Das Jonas Herdering-Portrait

Jonas Herdering bei der Arbeit. Foto: Pascal Litzinger

Es ist 21 Uhr am frühen Freitagabend. Der beste Zeitpunkt der ganzen Woche. Wo sich die meisten jungen Leute gerade überlegen, mit welchem Outfit sie in der anstehenden Nacht den größten Erfolg beim anderen (oder auch beim gleichen) Geschlecht haben oder sich zum hippen Moscow Mule-„Vorglühen“ treffen, fängt für einen jungen Mann aus Elbtal-Dorchheim gerade die Arbeit an. Jonas Herdering, Junior-Chef der familiengeführte Herdering Bäckerei, schnürt sich die weiße Bäcker-Schürze um und schaltet in der noch menschenleeren Backstube die Geräte an. Es ist ein normaler Freitagabend für ihn. Er arbeitet im elterlichen Bäckerei-Betrieb, der von seinem Großvater gegründet wurde, und er wird diesen einmal übernehmen.

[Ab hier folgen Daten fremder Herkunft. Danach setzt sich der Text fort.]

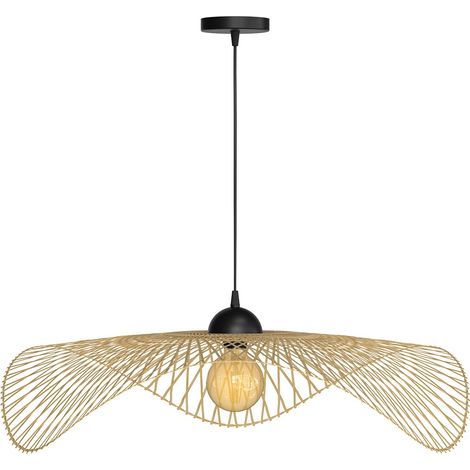 Suspension D75 cm en bambou avec fil noir - Jipi (1/5)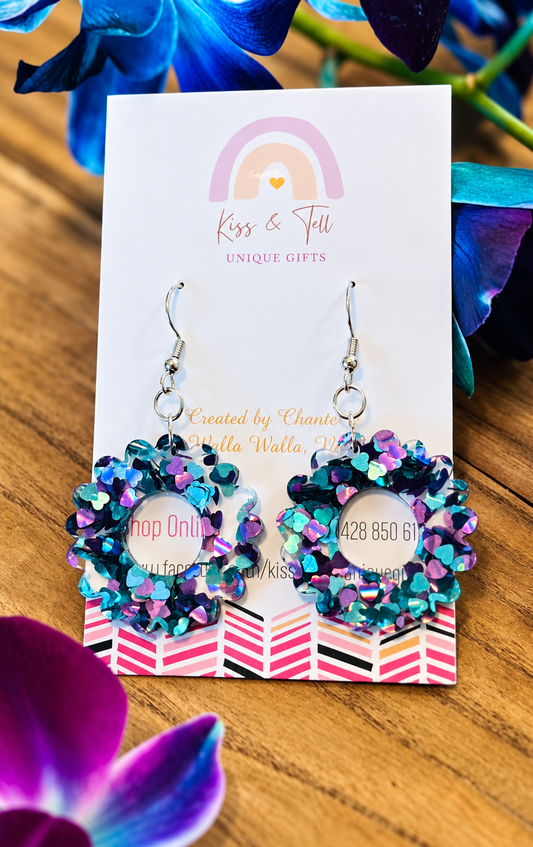 * 1 LEFT *  Peacock-Glitter Hearts Dangle Earrings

Eine bewusste Entscheidung, wie Jonas Herdering verrät, die er vor rund fünf Jahren im Alter von 22 Lenzen traf. Nach dem überzeugenden Abitur mit der Note 1,4 an der Adolf-Reichwein-Schule ging es für ihn zunächst nach Mainz und dann nach Gießen zum Studium. Nach zwei Semestern Wirtschafts- und Ernährungswissenschaften hatte er aber genug und fasste die Entscheidung im elterlichen Betrieb in Elbtal anzufangen. Lediglich ein halbes Jahr später hatte er in Rekordzeit bereits die Gesellenprüfung in der Tasche.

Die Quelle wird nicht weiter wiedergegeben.